A single number is required: how many lines of the listing below include the word "Miami".

# # # # #

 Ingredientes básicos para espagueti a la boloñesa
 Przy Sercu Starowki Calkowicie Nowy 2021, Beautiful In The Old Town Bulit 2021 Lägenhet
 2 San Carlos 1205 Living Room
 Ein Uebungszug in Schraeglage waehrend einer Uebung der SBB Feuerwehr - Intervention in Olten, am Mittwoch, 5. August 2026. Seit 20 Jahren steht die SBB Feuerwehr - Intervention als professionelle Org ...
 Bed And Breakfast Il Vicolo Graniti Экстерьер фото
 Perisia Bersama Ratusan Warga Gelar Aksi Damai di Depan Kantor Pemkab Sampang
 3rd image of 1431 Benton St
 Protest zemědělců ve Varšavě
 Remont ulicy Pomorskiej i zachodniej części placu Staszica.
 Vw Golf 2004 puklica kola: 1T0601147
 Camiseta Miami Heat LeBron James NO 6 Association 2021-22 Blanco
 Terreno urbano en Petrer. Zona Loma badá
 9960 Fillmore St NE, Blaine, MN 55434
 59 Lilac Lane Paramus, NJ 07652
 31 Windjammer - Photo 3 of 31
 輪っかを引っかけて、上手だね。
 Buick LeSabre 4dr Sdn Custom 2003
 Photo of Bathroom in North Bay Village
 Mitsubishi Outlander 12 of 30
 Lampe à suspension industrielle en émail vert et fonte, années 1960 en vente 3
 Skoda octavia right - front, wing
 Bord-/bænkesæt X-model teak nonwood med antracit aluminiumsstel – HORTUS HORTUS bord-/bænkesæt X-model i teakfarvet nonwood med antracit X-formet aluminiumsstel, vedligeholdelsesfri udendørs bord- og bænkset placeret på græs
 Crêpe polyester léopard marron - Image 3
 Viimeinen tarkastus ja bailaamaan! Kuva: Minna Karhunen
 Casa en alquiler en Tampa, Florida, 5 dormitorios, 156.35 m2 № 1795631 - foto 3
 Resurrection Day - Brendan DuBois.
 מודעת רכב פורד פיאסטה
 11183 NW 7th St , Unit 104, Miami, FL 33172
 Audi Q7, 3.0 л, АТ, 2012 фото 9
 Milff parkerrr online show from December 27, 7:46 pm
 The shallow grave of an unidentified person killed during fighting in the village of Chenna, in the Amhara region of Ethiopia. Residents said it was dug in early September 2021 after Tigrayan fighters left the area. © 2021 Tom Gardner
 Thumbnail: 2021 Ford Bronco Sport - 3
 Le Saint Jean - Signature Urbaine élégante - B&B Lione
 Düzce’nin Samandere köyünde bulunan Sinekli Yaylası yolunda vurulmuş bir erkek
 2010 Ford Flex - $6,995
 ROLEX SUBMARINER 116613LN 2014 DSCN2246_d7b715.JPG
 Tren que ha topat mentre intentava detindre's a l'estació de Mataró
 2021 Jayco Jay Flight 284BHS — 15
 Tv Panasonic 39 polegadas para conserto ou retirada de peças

# # # # #

Solution for this exercise: 2